Backup using rsync

Many people tend to ignore how important it is to have regular backups of their data until something bad happens and their stuff is gone for good. The good news is that on Linux there is an easy way to automatically create regular backups (it should work on other systems like Windows as well with some tweaking). One can even keep some of the backups for a very long time which might come in handy if you recognize something was lost like months ago. The obvious option is to use the rsync program as basis for a remote backup system.

The rsync tool

Something very smart with rsync it that one can point it to a previous, already existing backup on the server (cf. the –link-dest option in the script below) and rsync will compare any file of the new backup to the data there. If a file is existing in the old backup already rsync will not transfer the file again, but simply hard-link to it on the server and therefore also (almost) not consume any additional storage.

Another advantage of rsync comes into play with huge files (think of videos or veracrypt containers): rsync compares a file to a previous version on the server on a block level and only transfers and updates the parts of the file that did change.

Prepare the storage

First of all to make backups you need some kind of external storage. Theoretically, you could make backups on the same machine but if that one’s lost, stolen or broken all is gone (it might be useful though to go back in time for data which was deleted or overwritten by mistake). The next best option is to have some external storage stick or drive which is manually connect to your computer to run manual backups from time to time.

The best option for normal (i.e. non-business critical) usage seems to be a small storage server (NAS) on the local network. A good and rather cheap option is for example a Raspberry Pi running OpenMediaVault connected with an external SSD.

Enable secure access (ssh)

The very first step is to enable the ssh service as such on the storage server (e.g. OpenMediaVault). How this is done exactly depends on the server but usually this should be installed and enabled by default.
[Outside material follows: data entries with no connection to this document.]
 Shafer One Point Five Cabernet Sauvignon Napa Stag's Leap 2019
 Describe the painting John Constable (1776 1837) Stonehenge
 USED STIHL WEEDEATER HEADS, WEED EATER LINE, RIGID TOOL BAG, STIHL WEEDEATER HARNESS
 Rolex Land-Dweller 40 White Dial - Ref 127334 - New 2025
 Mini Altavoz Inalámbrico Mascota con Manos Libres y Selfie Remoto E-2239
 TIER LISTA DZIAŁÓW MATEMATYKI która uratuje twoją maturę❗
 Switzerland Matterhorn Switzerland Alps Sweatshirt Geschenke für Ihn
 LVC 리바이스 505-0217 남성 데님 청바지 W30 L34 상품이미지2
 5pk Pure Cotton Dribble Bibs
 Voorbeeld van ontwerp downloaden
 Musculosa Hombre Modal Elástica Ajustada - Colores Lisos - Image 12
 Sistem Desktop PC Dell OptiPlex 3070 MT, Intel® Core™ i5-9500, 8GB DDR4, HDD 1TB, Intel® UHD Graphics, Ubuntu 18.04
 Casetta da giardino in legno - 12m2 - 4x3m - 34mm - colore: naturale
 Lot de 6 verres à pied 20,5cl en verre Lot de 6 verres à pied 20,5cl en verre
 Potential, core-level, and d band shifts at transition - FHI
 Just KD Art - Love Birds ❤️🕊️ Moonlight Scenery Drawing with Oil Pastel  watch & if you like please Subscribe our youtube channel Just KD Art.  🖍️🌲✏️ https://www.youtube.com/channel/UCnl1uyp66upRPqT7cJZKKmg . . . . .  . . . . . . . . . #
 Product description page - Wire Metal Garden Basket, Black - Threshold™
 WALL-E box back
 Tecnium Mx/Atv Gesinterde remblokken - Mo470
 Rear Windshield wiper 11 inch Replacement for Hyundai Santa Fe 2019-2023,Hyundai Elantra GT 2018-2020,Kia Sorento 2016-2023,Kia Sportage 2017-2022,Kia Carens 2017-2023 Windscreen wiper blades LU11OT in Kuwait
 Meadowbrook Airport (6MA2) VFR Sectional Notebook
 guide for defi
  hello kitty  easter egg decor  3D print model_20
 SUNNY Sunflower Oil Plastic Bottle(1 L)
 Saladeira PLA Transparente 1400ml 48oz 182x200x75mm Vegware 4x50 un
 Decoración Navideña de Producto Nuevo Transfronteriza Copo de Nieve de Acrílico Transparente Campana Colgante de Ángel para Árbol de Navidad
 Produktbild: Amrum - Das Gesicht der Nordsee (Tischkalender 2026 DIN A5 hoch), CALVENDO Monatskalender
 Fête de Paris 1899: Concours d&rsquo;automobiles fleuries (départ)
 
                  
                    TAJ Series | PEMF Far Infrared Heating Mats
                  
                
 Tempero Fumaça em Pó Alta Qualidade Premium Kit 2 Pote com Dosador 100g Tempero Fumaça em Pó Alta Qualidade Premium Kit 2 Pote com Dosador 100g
Otherwise just search around or there should be some documentation on the internet.

For an automated, unattended backup to another server we need to enabled ssh access based on cryptographical keys without the need to an interactive password.

The first step is to create the required keys on the device which will be backed up (your laptop for example):

ssh-keygen -t rsa

Answer all questions with return, i.e. keeping the defaults and don’t enter a password!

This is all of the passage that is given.